Financial Reform Bill Includes Provision Addressing Insurance Redlining
Although garnering relatively little attention to date, included in the Dodd-Frank Financial Reform bill is a provision (Section 502) creating the "Federal Insurance Office" (FIO). The FIO is charged with, among other things, "monitor[ing] the extent to which traditionally underserved communities and consumers, minorities, and low- and moderate-income persons have access to affordable insurance products regarding all lines of insurance..." The FIO has authority to "receive and collect data and information on and from the insurance industry and insurers" and to "analyze and disseminate data and information." This data review component offers federal regulators an opportunity to analyze the information for potential insurance redlining similar to agency review of Home Mortgage Disclosure Act (HMDA) data for lending discrimination. Federal agencies (and class action plaintiffs' attorneys) have for many years used HMDA to support investigations and lawsuits against lenders. The creation of the FIO and the data review process may lead to similar results.

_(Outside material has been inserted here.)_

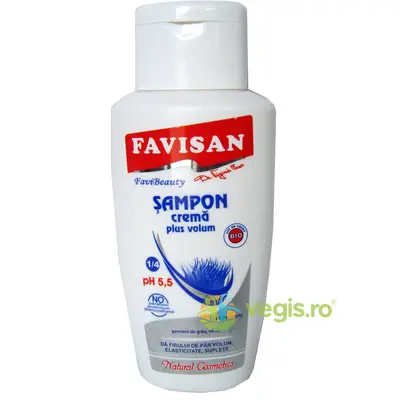 Sampon Plus Volum Bio 200ml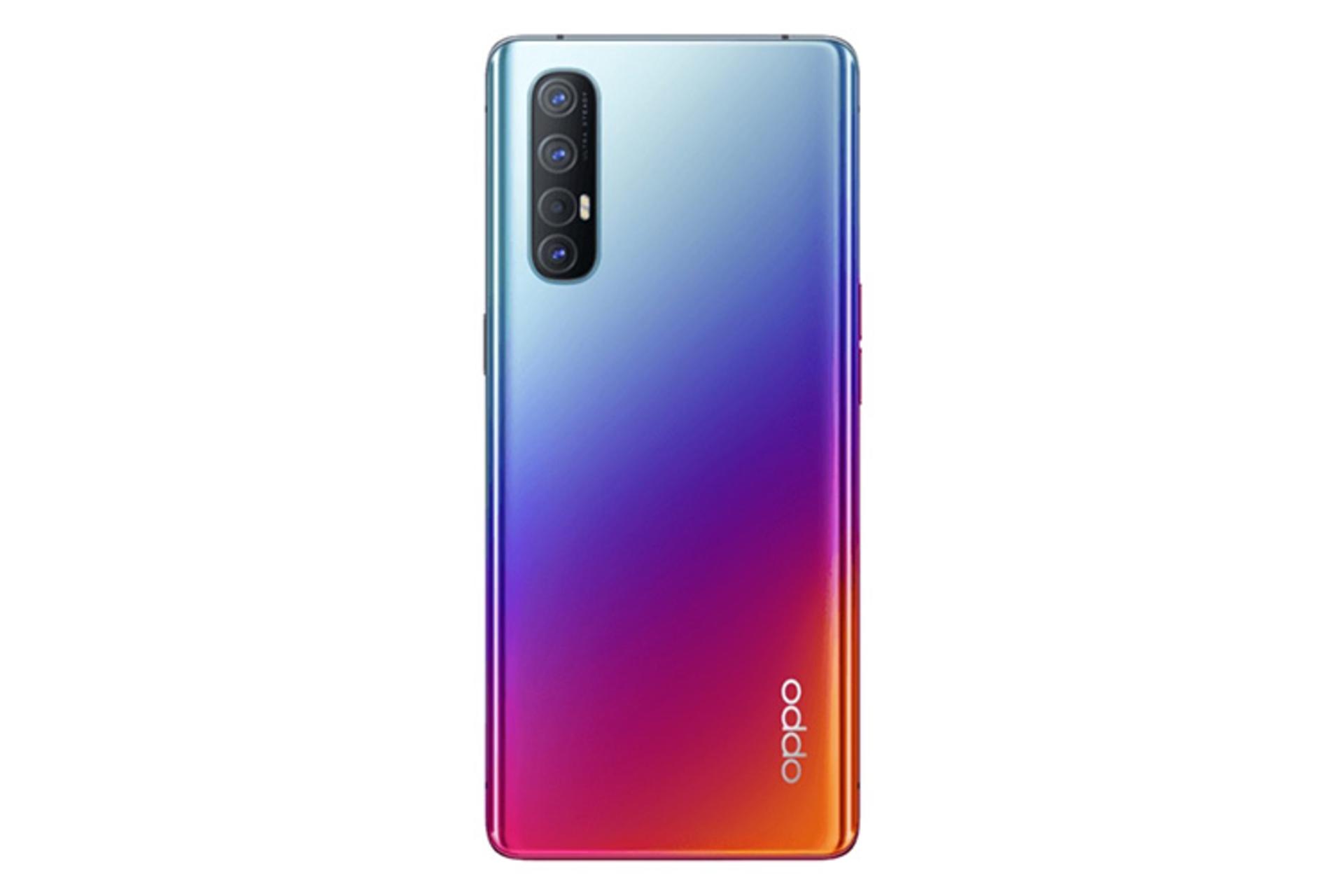   Oppo Reno3 Pro / رینو 3 اوپو پرو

As professor Gregory D. Squires recently wrote in comparing the FIO's data review function to banking agency review of HMDA:
This is the time for the federal government to finally collect from the insurance industry the kind of information it has long collected from mortgage lenders under the Home Mortgage Disclosure Act (HMDA). For more than three decades the Feds have collected information on the number and types of home loans most mortgage lenders have made in the nation's metropolitan areas along with the census tract or neighborhood in which the homes were located. HMDA has been modified so now lenders are required to disclose the race, gender, and income of all applicants, whether their application was approved or denied, and for certain high cost loans the interest rate on those loans.